The drum type washing machine includes a cabinet that forms the exterior of the washing machine; a tub in the cabinet that accommodates water therein; a rotary drum in the tub that holds laundry therein; a motor in, behind or under the tub that provides a motive power to the drum; a water supply device that supplies water to the tub; and a drain that drains the water from the tub to the outside of the cabinet after the washing process is completed.
A detergent case may be at one side of the cabinet, and a water supply pipe may supply water to the tub through the detergent case. As water is supplied through the water supply pipe by the water supply device, detergent in the detergent case is also supplied to the tub along with the water.

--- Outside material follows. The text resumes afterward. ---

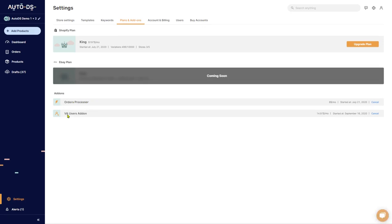Next is the VA users add-on. So enabling this will allow you to add VAs to your account, virtual assistants to help you with your store. More information about the orders processor and about the virtual assistants is in the Help Center on our website and in the links below this video.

A circulation duct for drying the laundry may be at one side of the tub. The circulation duct may have incorporate therein a fan configured to circulate air in the tub; a condensing device configured to condense moisture in the air; and a heating device configured to heat the air after the condensing process. Once the drying process has begun, the air in the tub is brought into the circulation duct by the fan. The air brought into the circulation duct may be subjected to a condensing process for eliminating moisture from the air by the condensing device, and the air may then be heated by the heating device.

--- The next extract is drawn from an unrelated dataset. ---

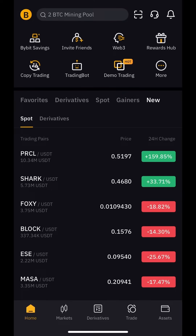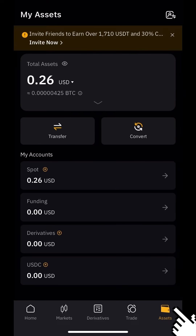How to transfer money from your spot account to your funding account. Also, if you want to pay with your crypto card, all crypto should be on the funding account. Press Assets — as you can see, I have some money on the spot account and I want to transfer them to the funding account.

Conventionally, the condensing device includes a nozzle at an upper side of the circulation duct, configured to jet coolant directly to the inside of the circulation duct. The coolant from the upper side of the circulation duct freely falls down along the circulation duct, while contacting the air, and lowers the temperature of the ambient air around the circulation duct and/or condenses the moisture in the air flowing in the circulation duct into water droplets. The water droplets may also fall down along the circulation duct and be collected in a separate condensed water tray.

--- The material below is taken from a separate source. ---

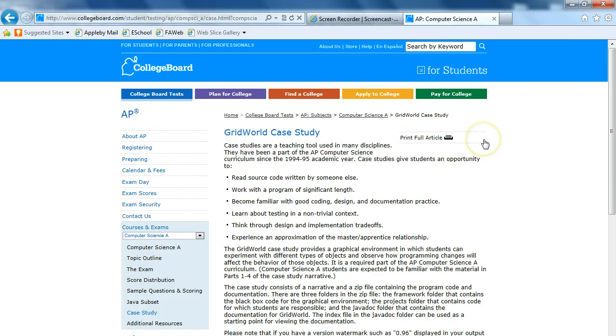Hello. In this video, we're going to go through how to set up the GridWorld case study in JCreator.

In such a conventional washing machine, moisture can be substantially condensed only for the time during which the jetted coolant actually passes through and contacts the high-temperature and high-humidity air in the circulation duct. As a result, to effectively reduce moisture from the air, the coolant needs to be continuously supplied to the circulation duct. Thus, as compared to the amount of the moisture removed from the air, an excessive amount of coolant is consumed.
In the prior art, there has been an attempt to solve the aforementioned problem by adjusting the timing for supplying the coolant. For example, a method to control the timing for jetting the coolant using a temperature sensor has been proposed. In this method, the temperature sensor has to be installed somewhere in the circulation duct to detect the temperature of the coolant or the air passing through the circulation duct. In this method, the coolant is jetted at a time when the detected temperature reaches a certain temperature.
However, to use such a control method, the temperature sensor needs to be in the circulation duct. As a result, manufacturing cost increases, and the assembly of the circulation duct becomes complicated. Furthermore, if failure in the temperature sensor occurs, the time for jetting the coolant cannot be adjusted.
A conventional drum type washing machine may be disclosed in Korean Patent Application Publication No. 10-2007-0064017.